Mar. 17th, 2013

askygoneonfire: Red and orange sunset over Hove (Default)
Yesterday, finally, my copy of David Bowie's The Next Day arrived.  I've been avoiding reading reviews as I hate to have my first listen tainted by reviews when I plan to buy an album no matter what (naturally, reviews can provide me the reason to purchase an album which is an entirely different dynamic).

I set aside time today and listened to it twice through, back to back.  In brief, I think the second half is stronger and up until Where are We Now? came on I would characterise my response to the tracks to have been cautiously disappointed.

I'm not going to review the album in full though, there are plenty of better qualified and more thoughtful sources for that out there.  What I want to talk about is what I heard in that album.

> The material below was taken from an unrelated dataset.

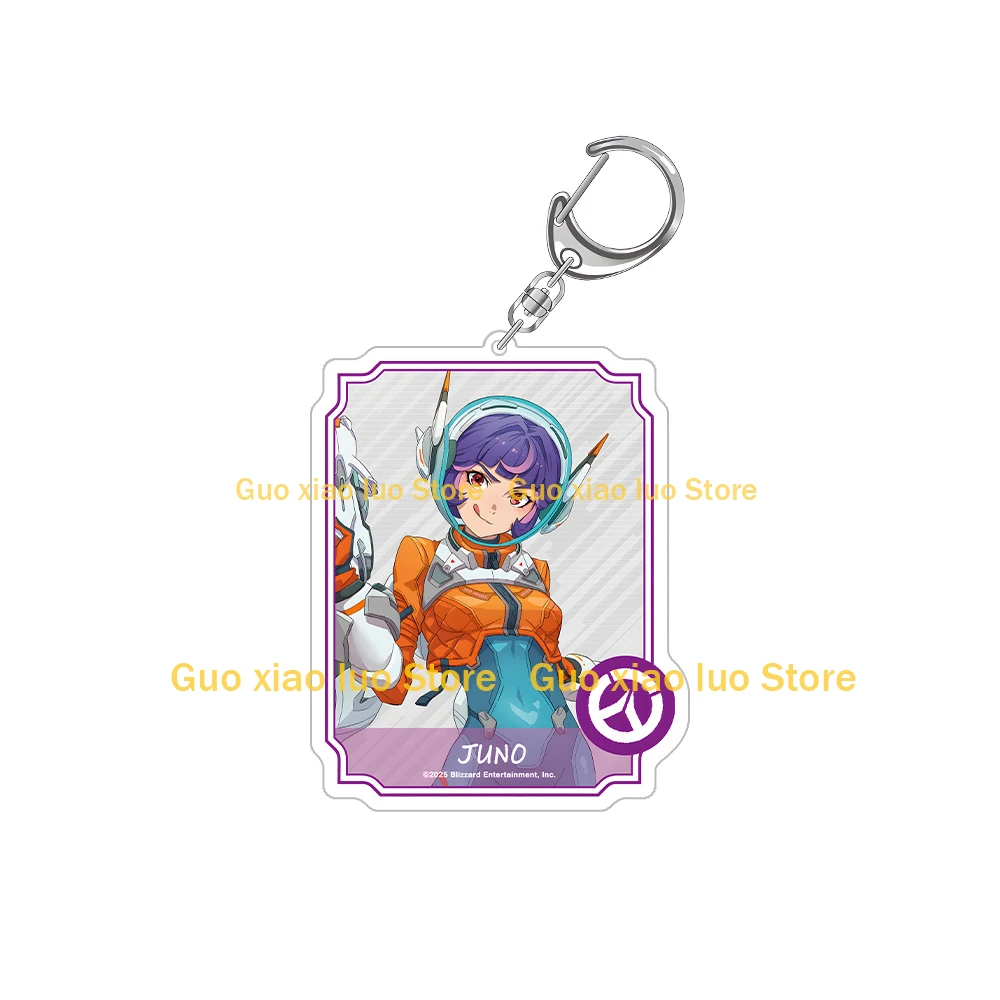 Overwatch 2 حرف مستطيل D.Va Kiriko Genji Mercy Tracer Reaper Hanzo Ana Juno Chibi سلسلة مفاتيح مصنوعة من الأكريليك حقيبة قلادة لعبة هدية #4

With almost every track, I heard an echo of an earlier track or album.  Where Are We Now? had reminded me of Heathen and Reality from the first listen so I was expecting more of that, instead, The Next Day is more eclectic though and Bowie's voice, influence, and lyrical content seems a vignette of a past him.  

This is Bowie, clearly he doesn't do anything accidentally, but can he produce something original any more?  Could he, if he chose, pull out a new Bowie from the bag - not this newest Bowie incarnation - the old man looking back on himself -?  Year on year I find my own creativity waning.  I try and console myself that my PhD study is itself an act of creativity - thinking new thoughts, making new connections.  But the kind of bold creativity that comes with naivety and youth?  That's more elusive.

Confronted with a pile of lego what would you make? What would you do with what you made? I think I could still knock out a house, car, space station, but creating a story for it? Beyond me.  The art of play - we broadly accept we lose it, I think, but is resignation the right response?  I understand story tellers, actors, sculptors, they retain it, but even then its constrained, within boundaries and frameworks of intelligibility.  They can still access it though, more than I can.  Is that imagination or practice?  

There's a certain loneliness to having a bounded internal world, one that doesn't take a leap to a new landscape when prompted.  Is there a key to be found to reopen that door or is a muscle that wastes from under-use?